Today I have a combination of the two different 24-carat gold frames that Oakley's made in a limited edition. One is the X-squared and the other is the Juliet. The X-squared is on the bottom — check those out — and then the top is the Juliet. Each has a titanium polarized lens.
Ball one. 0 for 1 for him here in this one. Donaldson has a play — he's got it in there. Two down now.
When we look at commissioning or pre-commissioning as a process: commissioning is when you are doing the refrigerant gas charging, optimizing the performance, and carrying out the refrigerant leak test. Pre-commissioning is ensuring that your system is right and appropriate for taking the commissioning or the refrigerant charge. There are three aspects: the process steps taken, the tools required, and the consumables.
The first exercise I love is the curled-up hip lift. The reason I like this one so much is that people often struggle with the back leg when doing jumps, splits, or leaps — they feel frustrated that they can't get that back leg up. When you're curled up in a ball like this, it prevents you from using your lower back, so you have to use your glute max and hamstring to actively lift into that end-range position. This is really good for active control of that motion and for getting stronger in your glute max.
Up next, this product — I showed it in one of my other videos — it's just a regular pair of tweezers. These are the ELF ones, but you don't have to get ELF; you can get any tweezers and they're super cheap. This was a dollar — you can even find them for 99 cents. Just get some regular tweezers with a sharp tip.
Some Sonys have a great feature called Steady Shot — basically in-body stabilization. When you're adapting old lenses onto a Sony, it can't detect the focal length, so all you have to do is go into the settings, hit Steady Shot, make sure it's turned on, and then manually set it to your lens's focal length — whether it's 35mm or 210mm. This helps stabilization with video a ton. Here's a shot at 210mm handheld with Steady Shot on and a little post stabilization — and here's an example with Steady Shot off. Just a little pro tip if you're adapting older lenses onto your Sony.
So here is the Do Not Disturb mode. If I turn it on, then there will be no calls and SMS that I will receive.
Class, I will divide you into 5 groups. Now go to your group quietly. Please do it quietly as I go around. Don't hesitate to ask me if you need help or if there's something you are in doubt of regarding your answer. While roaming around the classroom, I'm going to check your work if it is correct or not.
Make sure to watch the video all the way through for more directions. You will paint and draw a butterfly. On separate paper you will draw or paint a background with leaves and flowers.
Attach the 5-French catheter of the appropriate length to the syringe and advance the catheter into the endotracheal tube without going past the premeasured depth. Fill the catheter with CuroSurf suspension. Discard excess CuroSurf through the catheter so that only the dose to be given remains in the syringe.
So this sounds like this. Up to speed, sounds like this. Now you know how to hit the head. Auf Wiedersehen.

### Goal of the exercise
The lines from the one with "Class, I will" through the final line of the data are to be reproduced exactly, both included, with no other lines.

### Result below
Class, I will divide you into 5 groups. Now go to your group quietly. Please do it quietly as I go around. Don't hesitate to ask me if you need help or if there's something you are in doubt of regarding your answer. While roaming around the classroom, I'm going to check your work if it is correct or not.
Make sure to watch the video all the way through for more directions. You will paint and draw a butterfly. On separate paper you will draw or paint a background with leaves and flowers.
Attach the 5-French catheter of the appropriate length to the syringe and advance the catheter into the endotracheal tube without going past the premeasured depth. Fill the catheter with CuroSurf suspension. Discard excess CuroSurf through the catheter so that only the dose to be given remains in the syringe.
So this sounds like this. Up to speed, sounds like this. Now you know how to hit the head. Auf Wiedersehen.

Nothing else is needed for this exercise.